Short descriptive text snippets
....

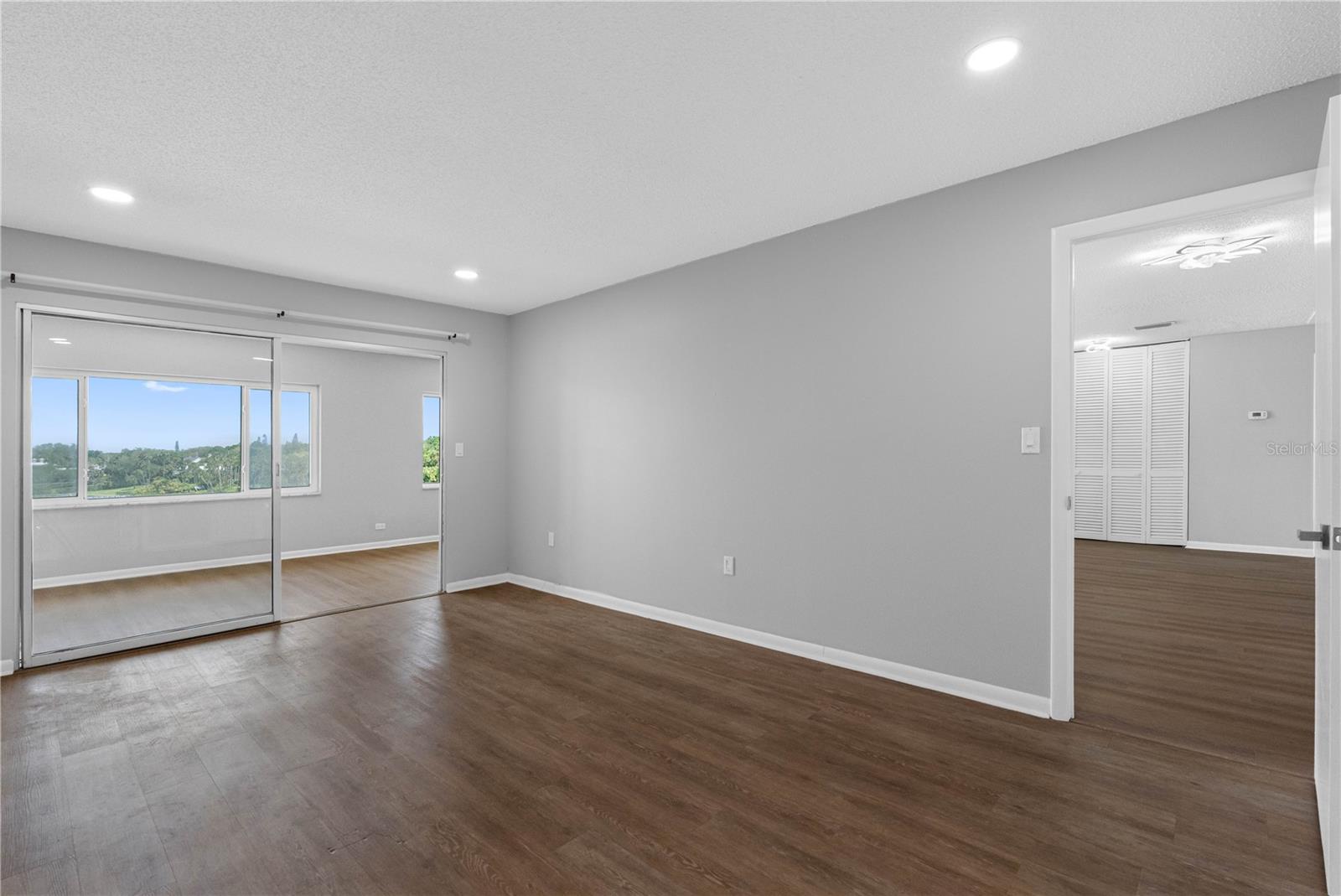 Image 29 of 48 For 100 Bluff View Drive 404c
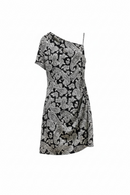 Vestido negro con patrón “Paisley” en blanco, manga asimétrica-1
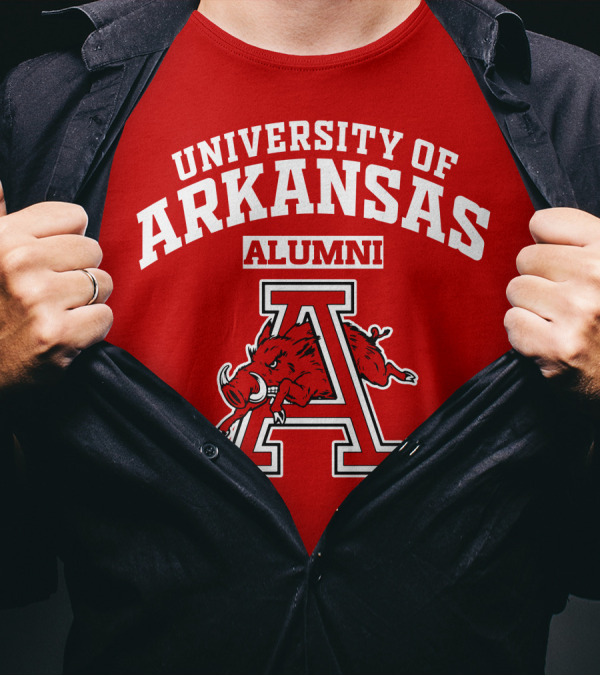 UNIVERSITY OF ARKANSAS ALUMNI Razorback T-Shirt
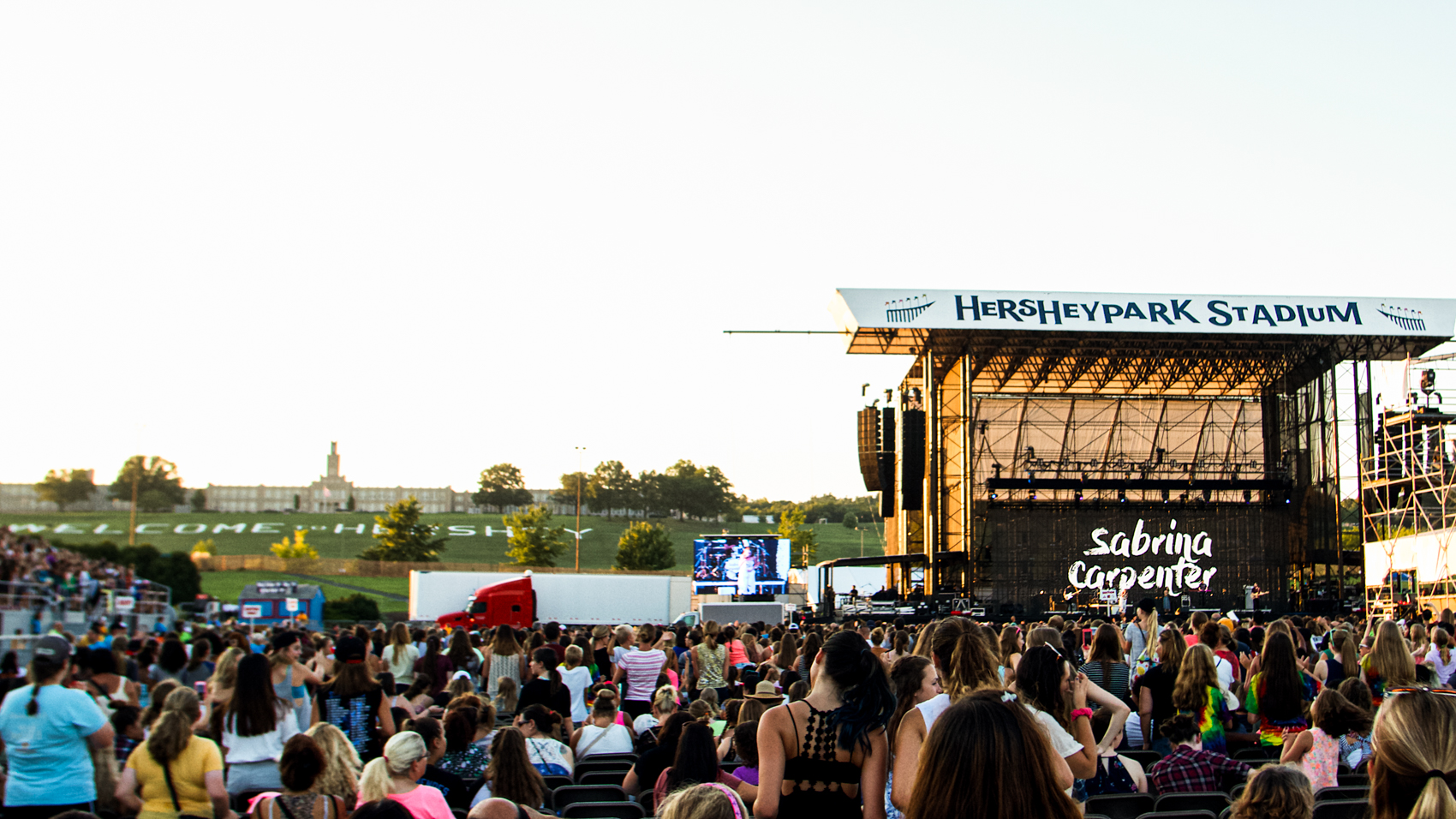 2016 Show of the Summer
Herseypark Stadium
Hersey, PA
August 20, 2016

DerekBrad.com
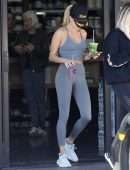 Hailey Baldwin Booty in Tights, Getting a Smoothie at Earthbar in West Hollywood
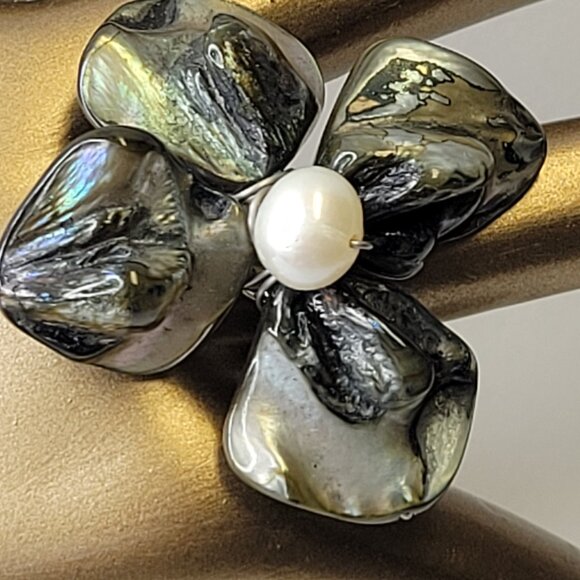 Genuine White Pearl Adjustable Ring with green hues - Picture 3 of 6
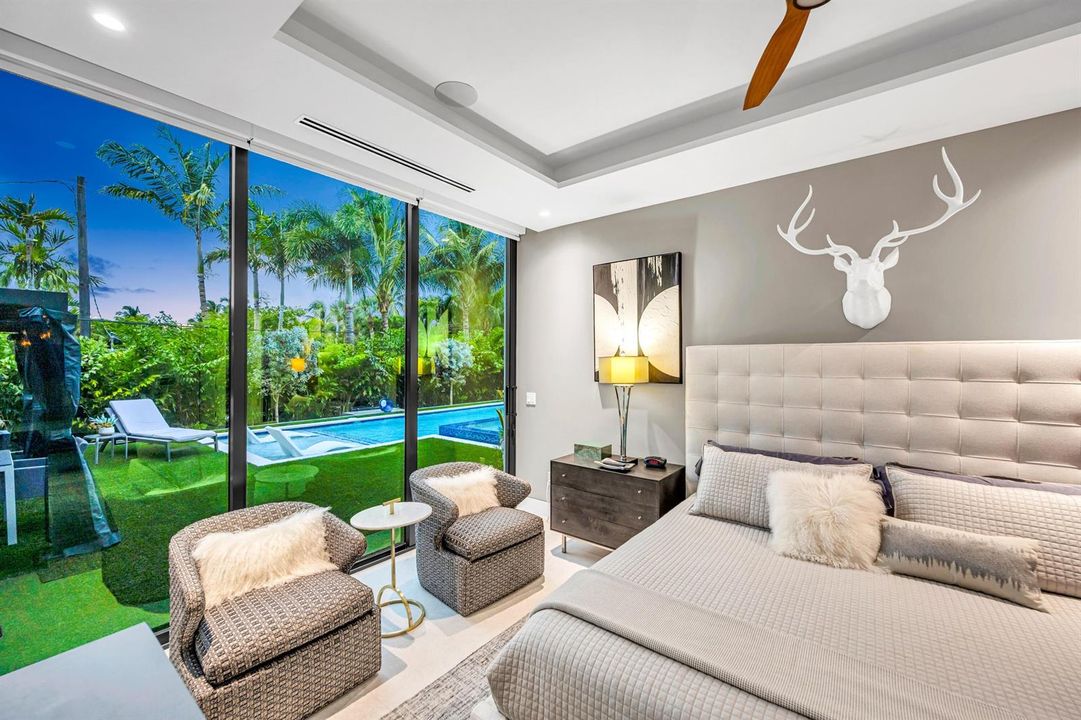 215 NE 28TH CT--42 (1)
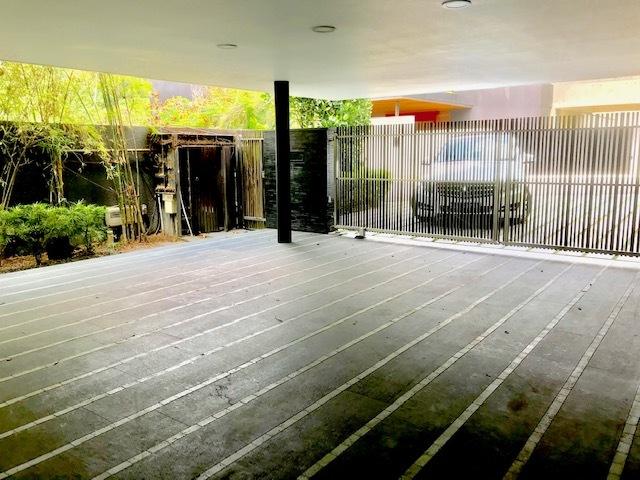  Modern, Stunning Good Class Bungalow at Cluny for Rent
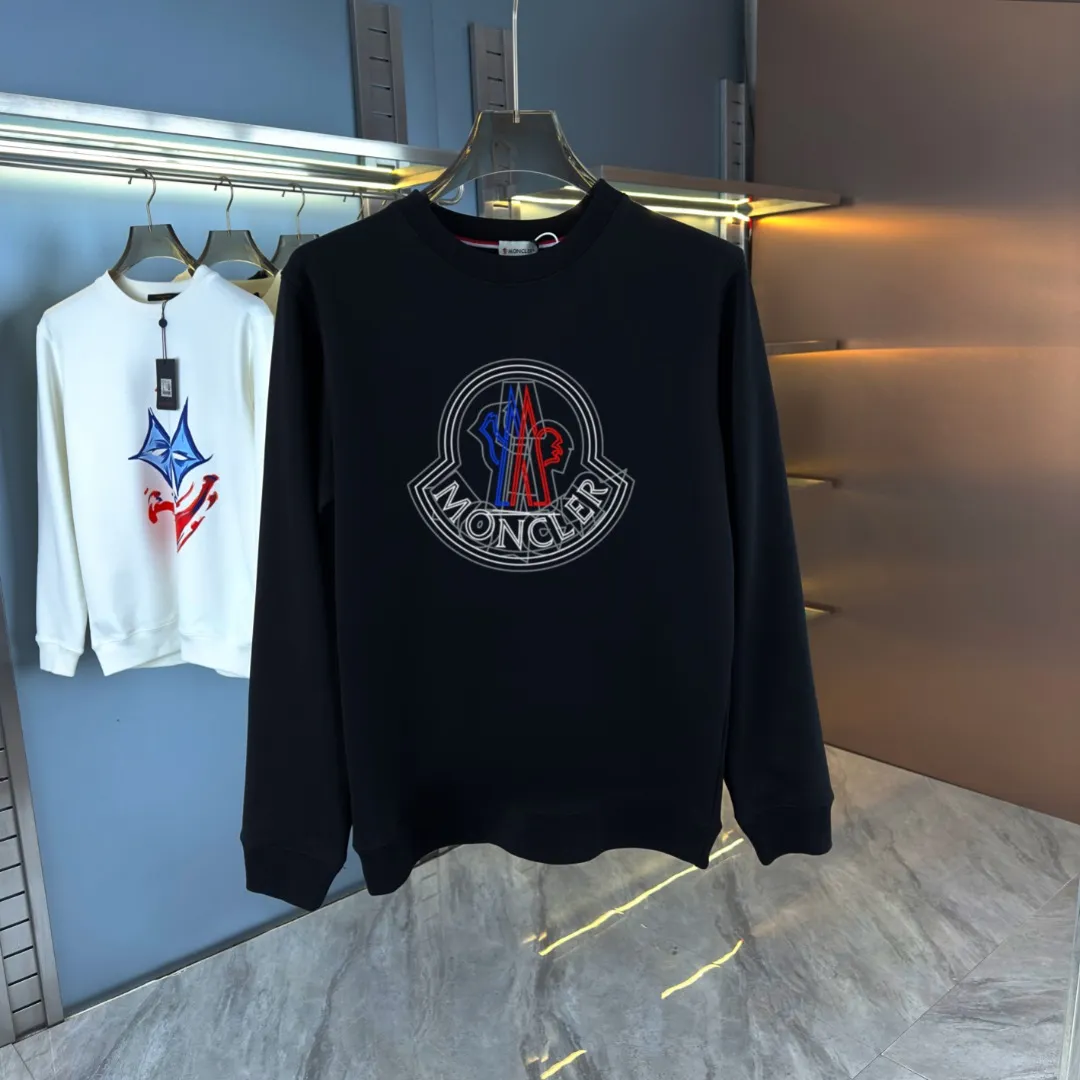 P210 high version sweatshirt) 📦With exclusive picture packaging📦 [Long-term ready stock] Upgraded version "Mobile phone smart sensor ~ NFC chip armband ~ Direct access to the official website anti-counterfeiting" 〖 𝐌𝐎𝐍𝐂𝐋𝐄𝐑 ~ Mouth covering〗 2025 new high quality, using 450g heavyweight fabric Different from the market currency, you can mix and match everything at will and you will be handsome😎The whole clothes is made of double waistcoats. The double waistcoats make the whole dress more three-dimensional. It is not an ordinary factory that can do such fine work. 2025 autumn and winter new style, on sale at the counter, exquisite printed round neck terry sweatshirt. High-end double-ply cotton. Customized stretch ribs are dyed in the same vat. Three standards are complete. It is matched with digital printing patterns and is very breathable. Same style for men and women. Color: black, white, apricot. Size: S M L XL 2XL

....

WORK ITEM: Would you set down only the lines above from the line with "Herseypark Stadium" to the line with "Modern, Stunning Good", both included, exactly as they stand and without the pictures?

ANSWER TO THIS EXERCISE:
Herseypark Stadium
Hersey, PA
August 20, 2016

DerekBrad.com
 Hailey Baldwin Booty in Tights, Getting a Smoothie at Earthbar in West Hollywood
 Genuine White Pearl Adjustable Ring with green hues - Picture 3 of 6
 215 NE 28TH CT--42 (1)
  Modern, Stunning Good Class Bungalow at Cluny for Rent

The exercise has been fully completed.